Statistik und Deportation
der jüdischen Bevölkerung aus dem Deutschen Reich

XVI. Transport

Abfahrtsdatum: 23.06.42, Deportierte: 202, Deportationsziel: Minsk (?)

Das Abfahrtsdatum des 16. Osttransports wird in der Literatur häufig fälschlicherweise mit 26.6.42 angegeben. Der 26.6.42 ist aber lediglich das Datum des Schreibens, mit dem die Transportliste von der Berliner Gestapo an den Oberfinanzpräsidenten Berlin-Brandenburg geschickt wurde. Dieses geschah üblicherweise einige Tage nach Abgang eines Transports. In den OFP-Akten zu einzelnen Transportteilnehmern wird eindeutig der 23.6.42 als Abgangsdatum dieses Transports genannt [Brandenburgisches Landeshauptarchiv, Rep. 36A/1347]. Ein weiterer Hinweis findet sich in einem von der Preußischen Bau- und Finanzdirektion in Berlin erstellten "Verzeichnis der jüdischen Versorgungsempfänger" mit handschriftlichen Vermerken zu ihrer Deportation, in dem bei Denny Scheibner (Nr. 36 der Transportliste) vermerkt wurde, dass er "am 23.6.42 nach dem Osten abgewandert" ist [Landesarchiv Berlin, A Pr. Br. Rep. 042/3619]. Bestätigt wird dieses Datum auch durch den Briefwechsel von Johanna Karminski mit Dr. Hans Schäffer [Leo Baeck Institute Yearbook, 1957 (2), 309].

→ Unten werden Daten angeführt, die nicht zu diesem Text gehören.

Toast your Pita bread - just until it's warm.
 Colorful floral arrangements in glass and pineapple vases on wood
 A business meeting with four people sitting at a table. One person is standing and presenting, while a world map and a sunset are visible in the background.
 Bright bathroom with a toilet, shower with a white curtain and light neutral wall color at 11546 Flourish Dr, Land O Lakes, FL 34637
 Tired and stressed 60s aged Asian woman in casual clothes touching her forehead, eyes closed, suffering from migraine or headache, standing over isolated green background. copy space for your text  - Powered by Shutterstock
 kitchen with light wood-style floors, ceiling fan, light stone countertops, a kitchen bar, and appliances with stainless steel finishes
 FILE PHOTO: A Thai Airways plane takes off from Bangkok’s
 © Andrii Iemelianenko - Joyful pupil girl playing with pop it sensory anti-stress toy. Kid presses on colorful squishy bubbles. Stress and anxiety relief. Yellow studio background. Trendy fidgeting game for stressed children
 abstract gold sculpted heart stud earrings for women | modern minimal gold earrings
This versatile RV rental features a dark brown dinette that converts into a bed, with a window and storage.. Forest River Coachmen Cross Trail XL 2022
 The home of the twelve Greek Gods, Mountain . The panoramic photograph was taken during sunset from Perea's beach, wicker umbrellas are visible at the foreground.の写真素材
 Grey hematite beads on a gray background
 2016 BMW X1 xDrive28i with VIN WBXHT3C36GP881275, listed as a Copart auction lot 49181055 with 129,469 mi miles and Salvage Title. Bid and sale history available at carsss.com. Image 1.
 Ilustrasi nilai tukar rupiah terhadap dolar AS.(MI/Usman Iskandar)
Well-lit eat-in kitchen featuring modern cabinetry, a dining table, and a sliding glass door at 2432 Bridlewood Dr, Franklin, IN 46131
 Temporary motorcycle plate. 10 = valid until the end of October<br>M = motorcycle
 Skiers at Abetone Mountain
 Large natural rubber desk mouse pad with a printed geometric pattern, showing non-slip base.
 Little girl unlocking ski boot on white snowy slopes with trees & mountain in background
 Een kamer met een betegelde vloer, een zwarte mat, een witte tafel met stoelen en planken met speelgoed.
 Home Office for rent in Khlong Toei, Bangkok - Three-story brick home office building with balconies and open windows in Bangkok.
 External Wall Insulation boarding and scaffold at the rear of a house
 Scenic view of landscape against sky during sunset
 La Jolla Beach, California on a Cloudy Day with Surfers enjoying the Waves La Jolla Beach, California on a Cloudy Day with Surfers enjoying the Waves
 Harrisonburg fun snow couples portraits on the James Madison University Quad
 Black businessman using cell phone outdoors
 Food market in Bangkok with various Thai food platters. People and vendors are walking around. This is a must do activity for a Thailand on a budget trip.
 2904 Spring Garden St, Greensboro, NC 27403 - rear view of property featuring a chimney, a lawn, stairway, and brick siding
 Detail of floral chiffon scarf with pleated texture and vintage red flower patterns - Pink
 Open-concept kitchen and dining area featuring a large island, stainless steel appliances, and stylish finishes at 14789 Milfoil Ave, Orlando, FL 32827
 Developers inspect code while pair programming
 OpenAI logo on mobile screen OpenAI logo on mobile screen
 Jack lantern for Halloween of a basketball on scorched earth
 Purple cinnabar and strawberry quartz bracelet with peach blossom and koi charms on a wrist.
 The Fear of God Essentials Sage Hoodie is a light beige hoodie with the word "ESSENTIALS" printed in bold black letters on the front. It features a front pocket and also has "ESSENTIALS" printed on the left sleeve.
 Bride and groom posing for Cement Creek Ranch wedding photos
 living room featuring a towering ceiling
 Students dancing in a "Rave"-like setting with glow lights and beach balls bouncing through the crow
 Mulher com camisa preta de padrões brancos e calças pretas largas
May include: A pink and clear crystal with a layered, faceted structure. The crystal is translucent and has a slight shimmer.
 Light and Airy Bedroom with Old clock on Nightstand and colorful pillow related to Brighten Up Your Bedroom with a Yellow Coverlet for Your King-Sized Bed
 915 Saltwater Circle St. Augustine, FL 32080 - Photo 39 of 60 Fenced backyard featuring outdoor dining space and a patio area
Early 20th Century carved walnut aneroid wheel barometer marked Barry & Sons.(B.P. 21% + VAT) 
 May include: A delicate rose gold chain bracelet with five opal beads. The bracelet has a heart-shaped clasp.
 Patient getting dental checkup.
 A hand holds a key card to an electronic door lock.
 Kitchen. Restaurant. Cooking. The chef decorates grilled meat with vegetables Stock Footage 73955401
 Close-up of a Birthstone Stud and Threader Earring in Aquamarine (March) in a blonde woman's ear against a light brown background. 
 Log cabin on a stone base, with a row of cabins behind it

Von den 202 Deportierten waren 198 Berliner, darunter mehrere leitende Mitarbeiter der Reichsvereinigung der Juden, unter ihnen Arthur Lilienthal, Vorstandsmitglied der Reichsvereinigung und Stellvertretender Vorsitzender der Jüdischen Kultusvereinigung Berlin, Cora Berliner, Leiterin der Liquidationsstelle der Wanderungsabteilung und Paula Fürst, Leiterin der Schulabteilung. Der XVI. Transport wird auch als "Straftransport" der Reichsvereinigung bezeichnet [H. Henschel, Zeitschrift für die Geschichte der Juden 1972 (9), 33]. Allerdings muss berücksichtigt werden, dass im April und Mai 1942 bereits Abbaulisten von zusammen fast 300 Mitarbeitern der Reichsvereinigung bei der Gestapo engereicht werden mussten. Zum 25.6. wurde die Reorganisation der Reichsvereinigung mit Verkleinerung bzw. Zusammenlegung von Verwaltungstrukturen und zum 30.6. die Einstellung des jüdischen Schulbetriebs angeordnet. Die Deportation der Abteilungsleiter von Wanderungs- und Schulabteilung könnte daher auch mit diesen Maßnahmen im Zusammenhang stehen. Insgesamt sind in der Transportliste 50 Personen aufgeführt, die als Angestellte (28), Kaufmann (6), Sachbearbeiter (5, einschl. Cora Berliner und Paula Fürst), Registrator (3), Konsulent (2) sowie als Buchhalterin, Stenotypistin, Sekretärin, Bürohilfe, Bote (jeweils 1) und "Vorst.Mitgl. d. J.K." (Arthur Lilienthal) tätig waren. Diese Bezeichnungen deuten auf Verwaltungsangestellte der Reichsvereinigung hin. In der Tat sind viele von ihnen bereits auf Gehaltslisten der Zentrale der Reichsvereinigung von Ende 1940 zu finden [Bundesarchiv, R 8150/64]. 4 Namen sind in der Liste gestrichen worden, so dass 46 aus dem genannten Personenkreis zusammen mit ihren Familien deportiert wurden.


Das Ziel des 16. Osttransports konnte bisher nicht eindeutig geklärt werden. Einiges spricht dafür, dass der Berliner Transport an den Deportationszug vom 24.6.42 aus Ostpreußen angeschlossen wurde, der am 26.6.42 mit insgesamt 770 Juden den Güterbahnhof Minsk erreichte [A. Gottwaldt, in: NS-Gewaltherrschaft, Berlin 2005, 152]. Da aus Ostpreußen nach Angaben der Reichsvereinigung 628 Juden im Juni 1942 deportiert wurden, hätten zusammen mit den 202 Deportierten des Berliner Osttransports insgesamt 830 Juden in Minsk registriert werden müssen. Es ist nicht ausgeschlossen, dass 60 Deportierte vor Erreichen von Minsk den Zug verlassen mussten. So gibt es einen, allerdings vagen, Hinweis auf einen Brief, den Cora Berliner kurze Zeit nach ihrer Deportation aus einem Ort in der Umgebung von Bialystok geschrieben haben soll [H. Simon, Gross Breesen Letter 15, September 1945, 593]. Der Transportzug hatte in Bialystok einen fahrplanmäßigen Halt von 61 Minuten, der längste Halt zwischen dem Abfahrtsort Königsberg und der Zwischenstation Wolkowysk, an der die Deportierten vor der Weiterfahrt nach Minsk von Personenwagen in gedeckte Güterwagen umsteigen mussten [R. Hilberg, Sonderzüge nach Auschwitz, Mainz 1981, 165].


Für Berlin verzeichnete die Statistik der Reichsvereinigung im Juni 1942 insgesamt 1690 Deportierte. Aus den Transportlisten der beiden Osttransporte vom 2.6. und 23.6., des Sondertransports vom 5.6. sowie der 12 Alterstransporte zwischen dem 2.6. und 30.6. lassen sich 1694 Deportierte ermitteln.